I want to add my thanks to those of the others for posting this topic.
Neither you nor posted comments dwell on specific issues - which is appropriate - you are trying to establish a framework for specifics to be discussed.
When discussing specifics in an ecumenical dialog between Churches, I would warmly recommend including topics in which the Churches participating probably agree - to see how they are being implemented. And, as desirable, encourage appropriate practices within our parishes.
Certainly the following list is not all inclusive but three topics come to my mind: The practice of open communion, fasting before receiving the Body and Blood of our Lord and expected practice of communicants with respect to their Preparation for receiving Holy Communion.

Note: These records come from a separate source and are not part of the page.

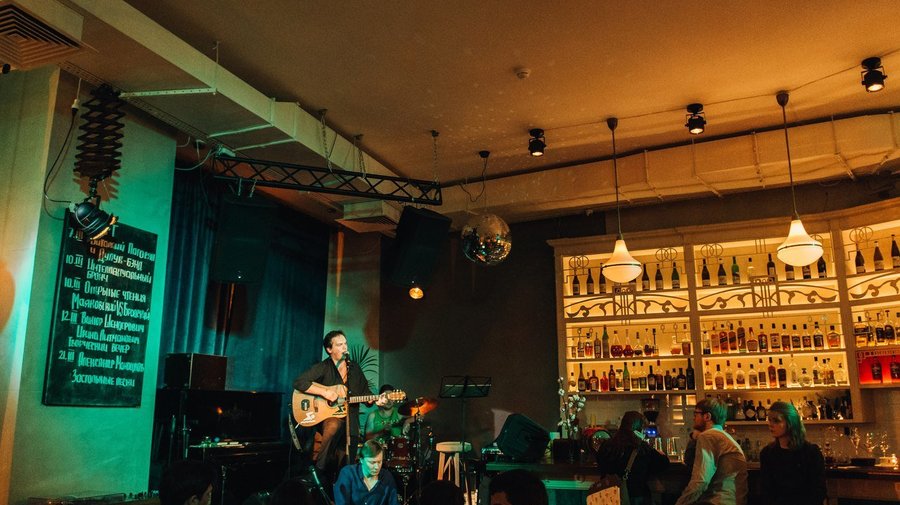 Social Club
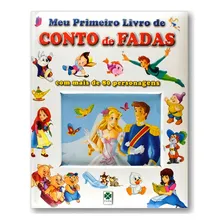 Meu Primeiro Livro De Conto De Fadas - Capa Dura Foto mini 1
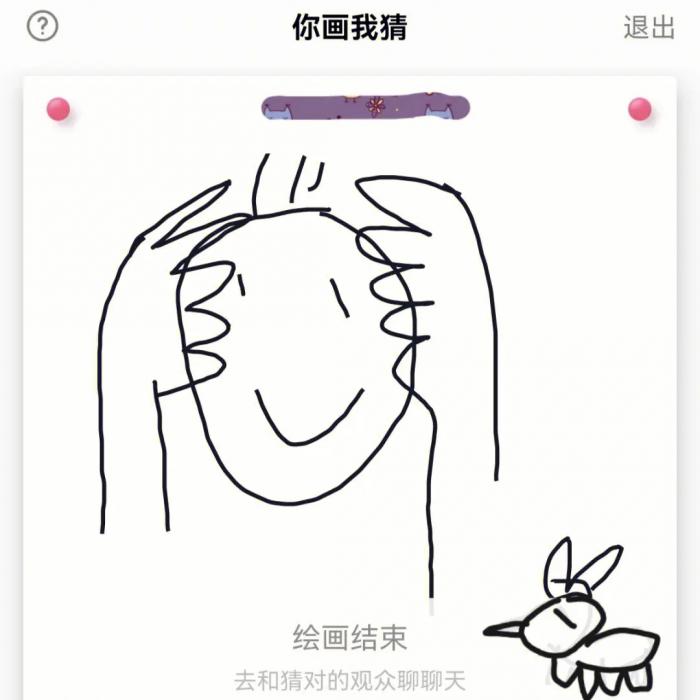 你画我猜优秀作品有哪些名字3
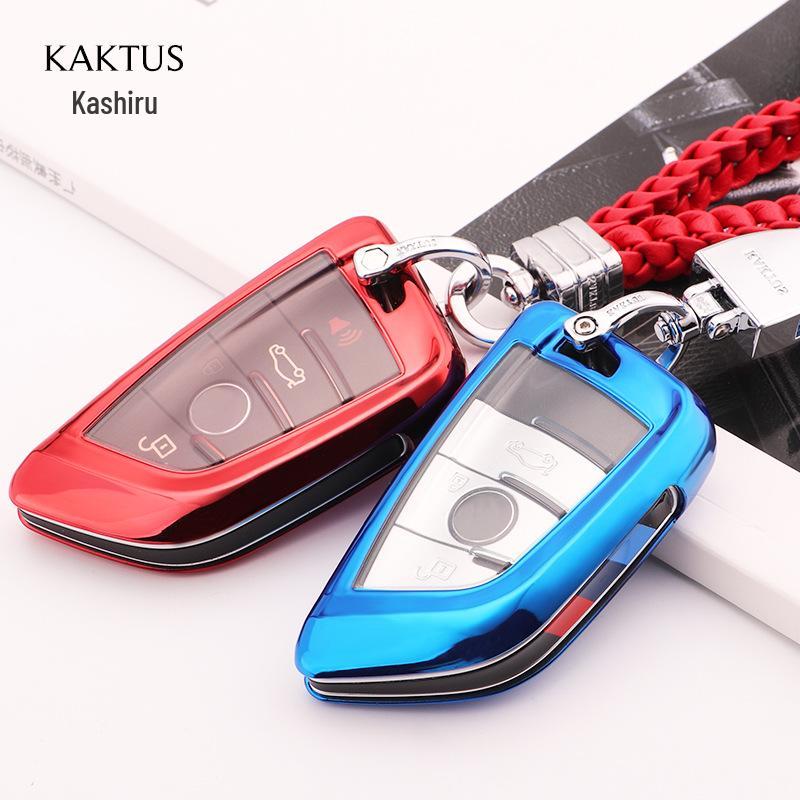 KAKTUS Full Coverage Car Key Case for BMW Blade X1, 3, 5, 6, 7 - New 2 Series Cover Shell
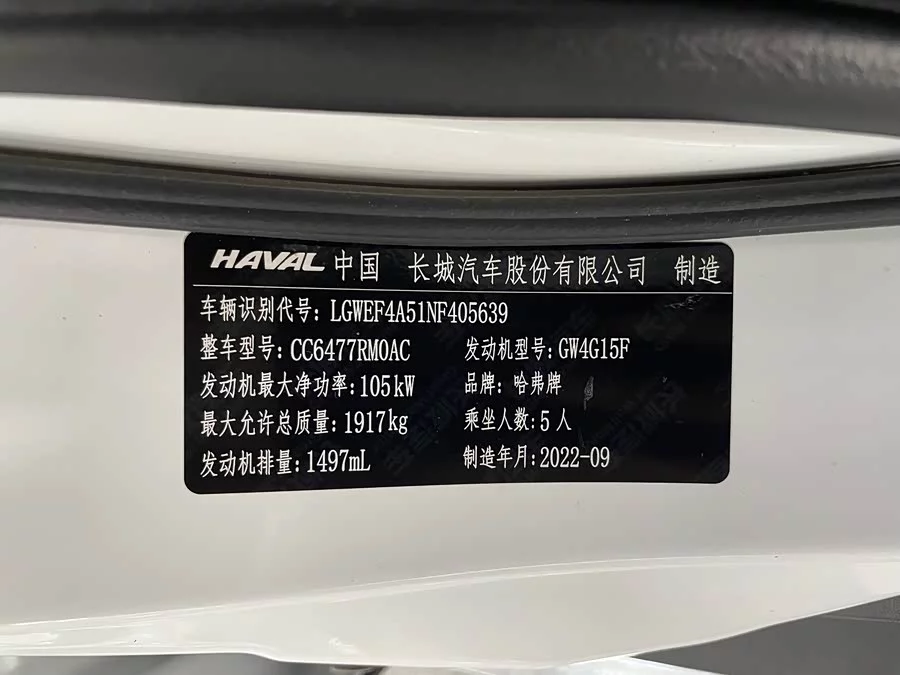 Haval M6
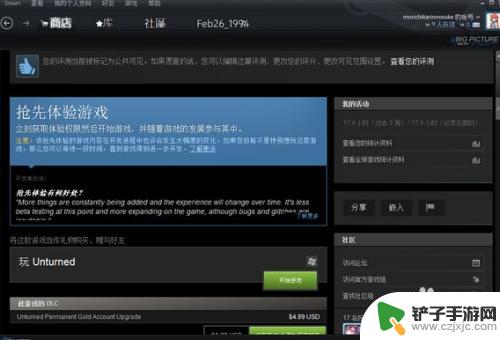 steam战眼怎么重新安装 我该如何手动安装战眼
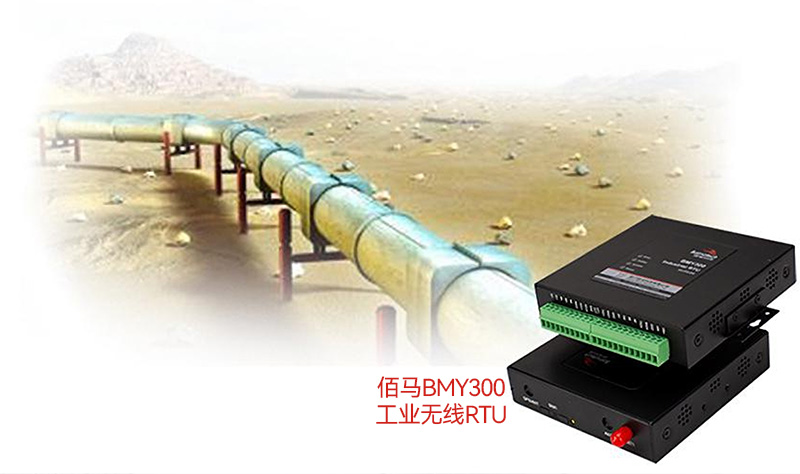 工业无线RTU.jpg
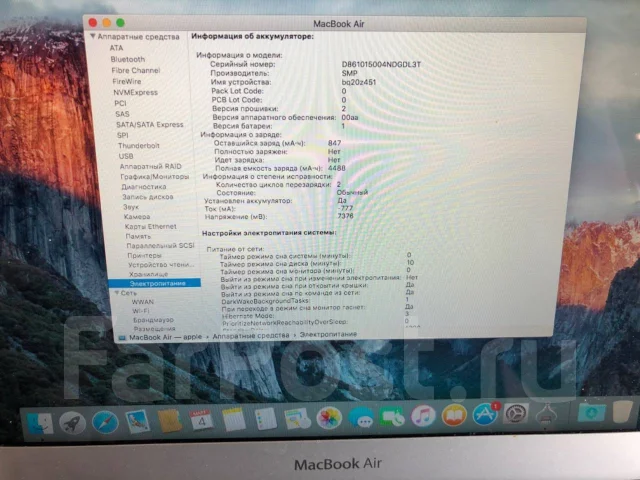 Apple MacBook Air 11 2010 Late. 11", 1,4����, ��� 2048 ��, ���� 128���, WiFi: 1, Bluetooth: 1, ����������� �� 6��. ����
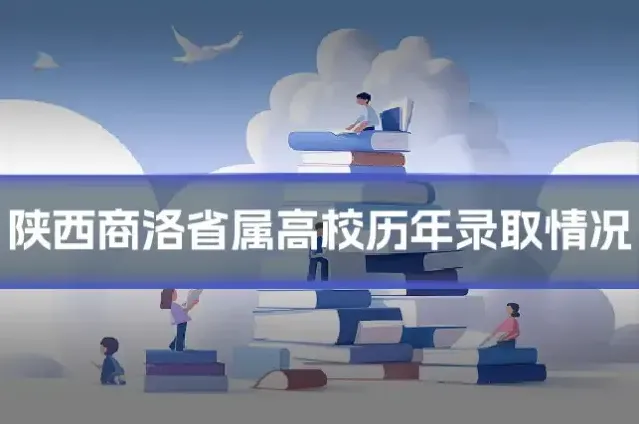 陕西商洛省属高校历年录取情况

If I may elaborate a bit, it is my (not too firm) belief that Preparation for receiving Holy Communion is not widely practiced in the ACC. That observation comes from belonging to two ACC parishes (as I've lived in two states) over the past 22 years. I have also visited dozens of ACC parishes over that period. I can think of only two bulletins I've seen that urge communicants to approach the altar to receive Communion only after appropriate fasting and preparation. And I have heard no sermons on this topic. (I did hear Fr. Sossi preach on the importance of participating in the Sacrament of Penance which is close - at St. Hilda of Whitby Parish in DC many years back).
I would love to be shown that my observation is wrong and my experience is an anomaly. I put forth this observation as constructive criticism. I love the ACC, and am extremely grateful for the faithful service and sacrifice of bishops, priests and laity in the ACC.
I am posting this after the postings on this discussion have largely stopped. Maybe no one will see it. My excuse for the late posting is I have limited time to spend on the internet.